Study on health of homeless patients in Aberdeen wins award

Academics and health professionals who have been investigating the health of homeless patients in Aberdeen have collected an award for the best research abstract presented at a large NHS Scotland event in Glasgow.

Out of a total of 59 presentations a team of Robert Gordon University (RGU) researchers and NHS Grampian staff won the award for the ‘Person centred care’ category.

The collaborative research involved researchers from RGU, Marywell Homeless Healthcare Centre Aberdeen and Aberdeen City Community Health Partnership.

Principle Investigator Dr Vibhu Paudyal received the award on behalf of the research team which comprised of Professor Derek Stewart, Dr Katie MacLure, Dr Carol Buchanan, Ms Liz Wilson, and Ms Joan MacLeod.

Their research looked at how homeless patients in Aberdeen manage their medications and the barriers they face in retaining and maintaining adherence to their medicines. The team’s presentation was titled: ‘Homeless patients and their medicines: exploring expectations, beliefs and behaviours.’

The study highlighted several challenges homeless people face to keep track of their medication. These included medicines being stolen and the lack of secure storage.

Study participants explained the difficulty and need to store their medicine discretely on their person at all times, including in places such as their socks.

Other challenges were also identified around access to health care services including lack of means to travel to the health care facilities, and other life priorities such as search for shelter preventing attendance at appointments. Perceived health status was also poor amongst the study participants.

Dr Vibhu Paudyal, Lecturer of Pharmacy Practice at RGU, said: “This study highlights the unmet needs and unique challenges to medicines management in the homeless population in Aberdeen.

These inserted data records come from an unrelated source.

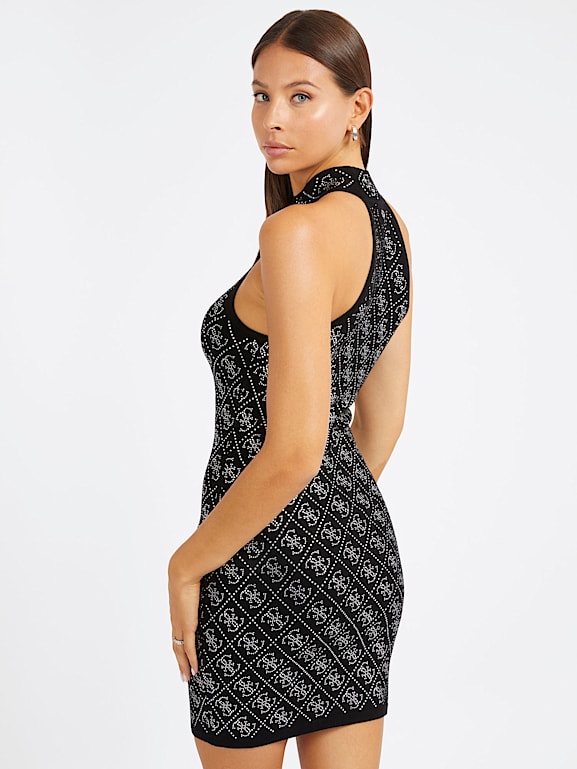 Vestido guess negro 2025 corto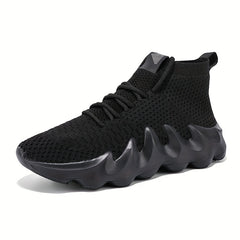 Men's Knitted Lightweight Running Shoes Spring Summer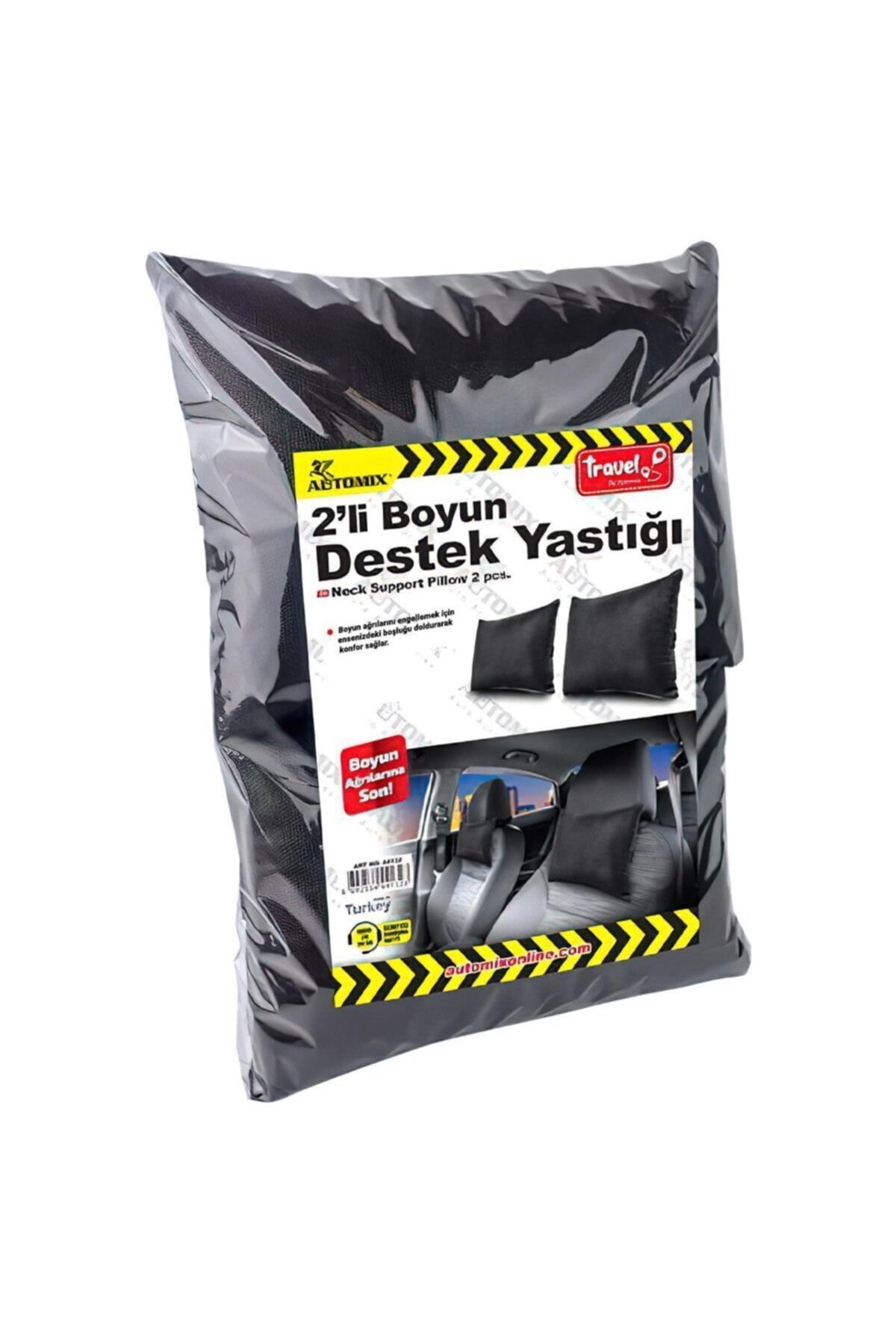 Oto Boyun Destek Yastığı Dolgulu 2 Adet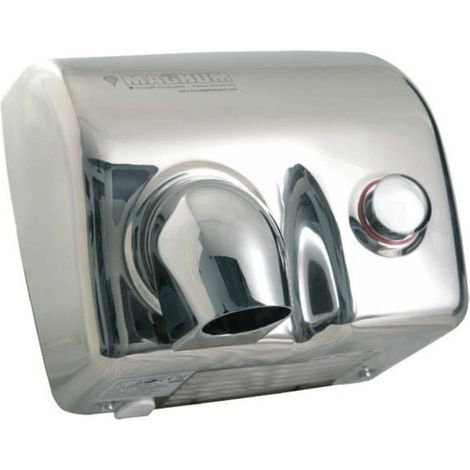 Fumagalli Magnum MG88P LEM 250 Cromato Lucido Asciugamani elettrico a Pulsante Cromo Lucido
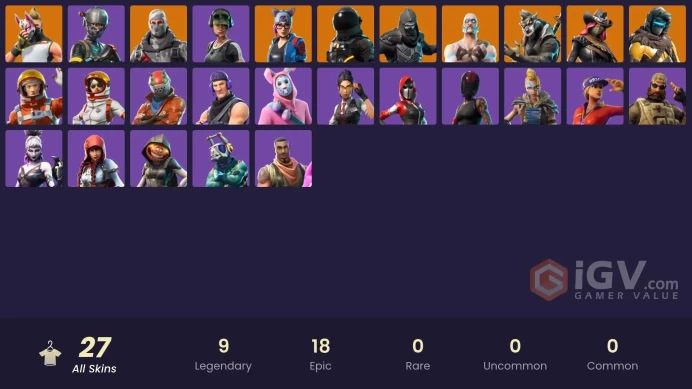#16 [PC/XBOX/PSN/SWITCH] 27 skins | Elite Agent | Havoc | Sub Commander | Trailblazer | STAGE 5 | STAGE 5 | STAGE 5 - No shoulder pad |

“We take this award as an inspiration to undertake further research in this area so that emerging health care practice and policy can address the needs of this under-researched population. Greater integration between health and social care is the way forward.”

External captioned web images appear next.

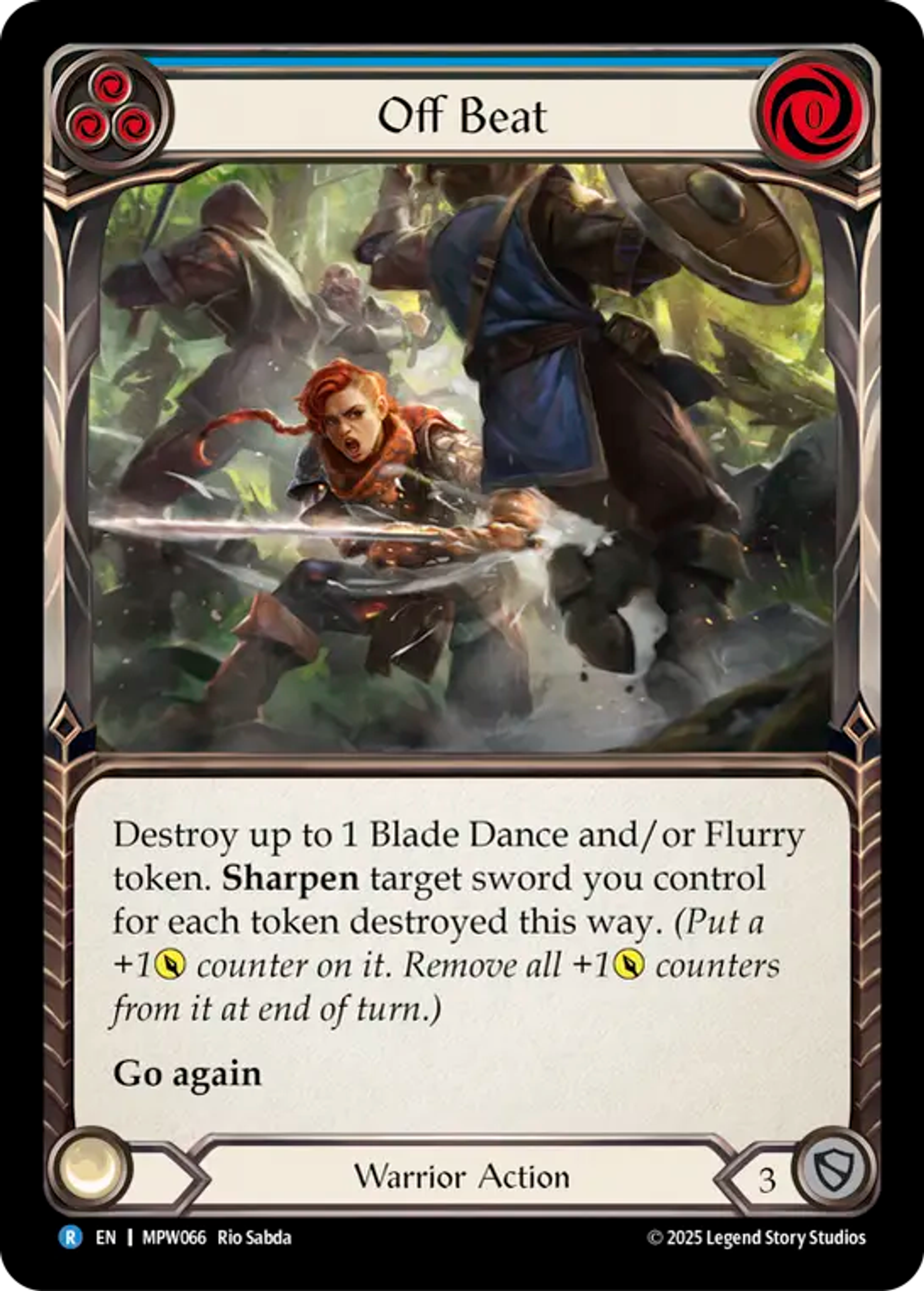Off Beat (Blue) — Mastery Pack Warrior — Flesh and Blood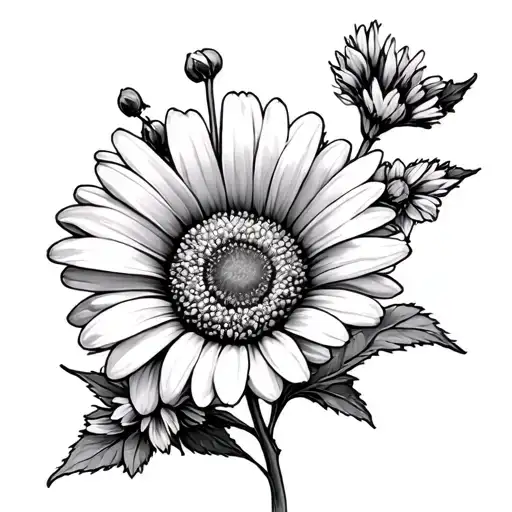 Sweetpea Violet Daisy Hawthorn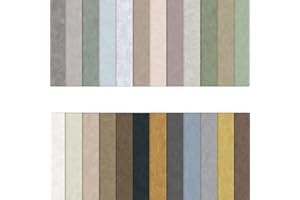 MERWDEEYT Scrapbook Papier Buntes Scrapbook Bastelpapier mit Muster, Doppelseitiges Decoupage Papiere Motivpapier, 24 Blatt Scrapbooking Papier Dekorpapier (D, 30,5x30,5 cm/12x12 inch)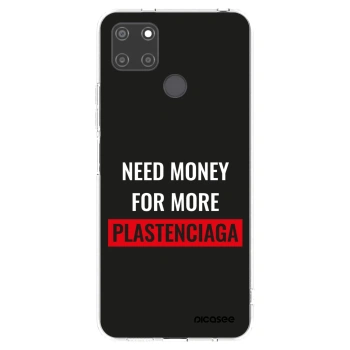 Picasee silikónový prehľadný obal pre Realme C21Y - More PLASTENCIAGA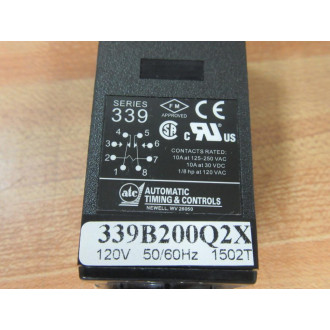 Automatic Timing & Controls 339B200Q2X Timing Relay - New No Box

Their findings has encouraged the research team to undertake further work in this area so that emerging health care practice and policy can address the needs of this unique population.

Joan MacLeod, NHS Grampian's lead pharmacist within the Aberdeen City Health and Social Care Partnership added: "I am absolutely delighted to see this collaborative project between RGU’s School of Pharmacy and Life Sciences and the Marywell Medical Practice being recognised at a national level.

“It is hoped that the on-going, person-centred work in this area will contribute to improved care for this vulnerable group of patients and also strengthen joint working between general practice and community pharmacy."

Deputy First Minister and Cabinet Secretary for Finance, John Swinney MSP, addressed delegates and Paul Gray, Director-General Health and Social Care and Chief Executive of NHS Scotland, presented the award to Dr Paudyal.